Stoltmann Law Offices has been investigating Northridge Holdings and Glenn Mueller on behalf of several clients over the last several months. On September 5, 2019, the Securities and Exchange Commission (SEC) filed a complaint against Glenn Mueller, Northridge Holdings, and several other Mueller-controlled companies, in the United States District Court for the Northern District of Illinois. The complaint alleges that since at least 2014, Mueller, through his tangled web of entities, has orchestrated a veritable Ponzi scheme, raising in access of $40 million from investors based on the representation that he was purchasing properties with those funds. The truth is, Mueller has not purchased a piece of property since 2012. Instead of using investor money to purchase properties, Mueller used new investor funds to make interest and principal payments to previous investors, in class Ponzi-payment fashion. These funds were also used to pay “finders” commissions for referring new investors to Northridge. The SEC also alleges that Mueller used investor funds for personal and family use, including to make loans to family members and trade stocks and options in personal brokerage accounts.
The SEC’s allegations blow the lid off of Northridge and Mueller’s schemes. Although Mueller and his finders represented the “notes” sold by by Northridge were “secured” by property, they are not. In fact, although Mueller claims the full liquidation value of his real estate is over $100 million, he owes investors and mortgages on those properties more than that.

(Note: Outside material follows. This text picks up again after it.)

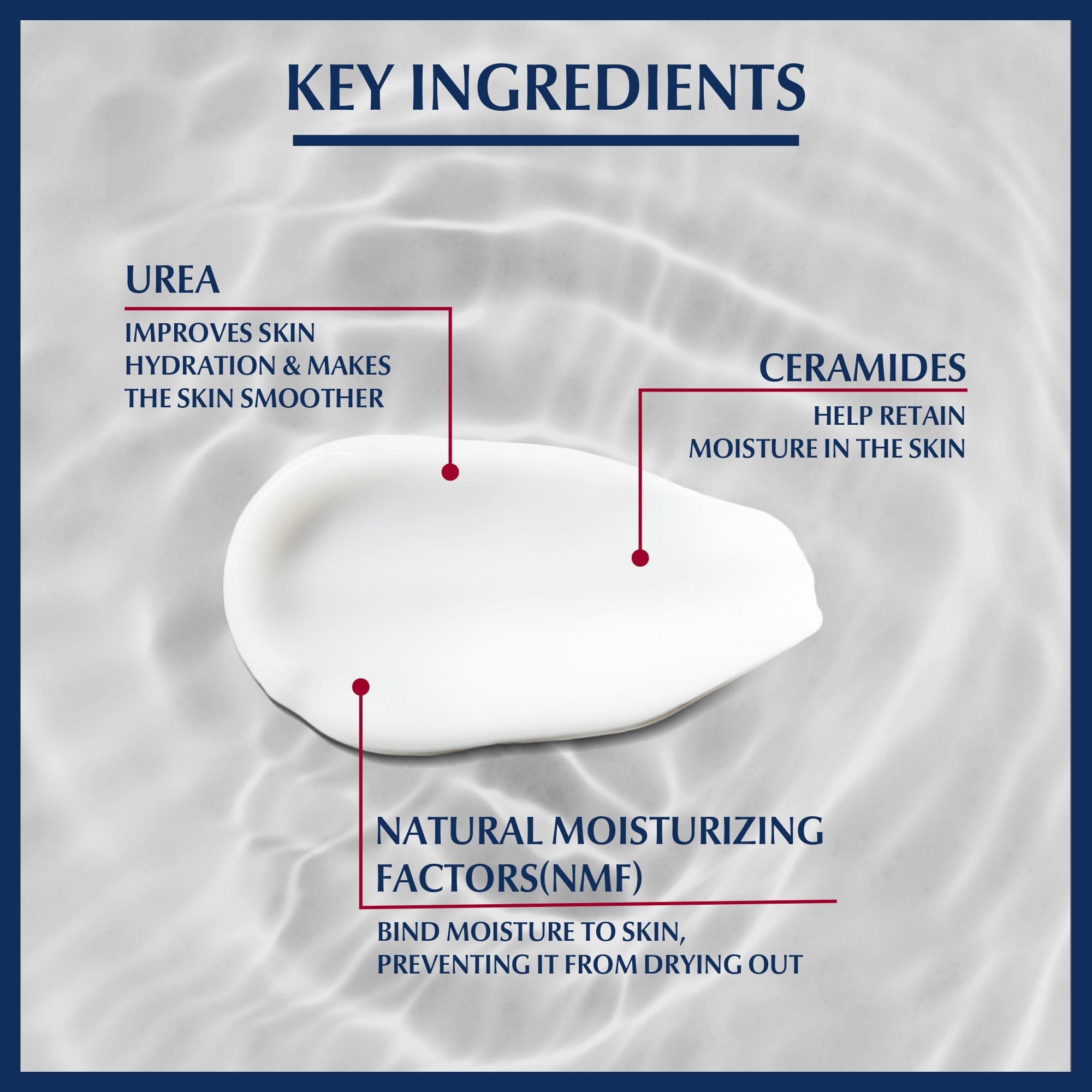 Eucerin Urea Repair Plus 5% Urea Hand Cream, 75ml - Kenya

Despite all of his representations to the contrary, Mueller and his companies are “upside-down”. The Daily Herald also details the religion-based sale pitches used by Mueller which is an all too common hook used by schemers.
The next steps for investors is to await the appointment of a receiver. According to the docket report for this case, there is a hearing on Wednesday, September 11 during which the SEC will request the court appoint a receiver and freeze all of Mueller’s and his subsidiaries’ assets. Assuming this request is granted, which given the allegations seems likely, the receiver will begin the process of marshaling assets, selling off properties, and collecting funds to repay creditors and investors. How long this process takes and how much money investors can expect to get out of this is anyone’s guess. The fact of the matter is, and according to the SEC, Mueller owes more money than his properties are estimated to be worth. Further, any liquidation of real estate creates a buyer’s market, so whatever purported value these properties have, they will likely be sold at a discount eventually.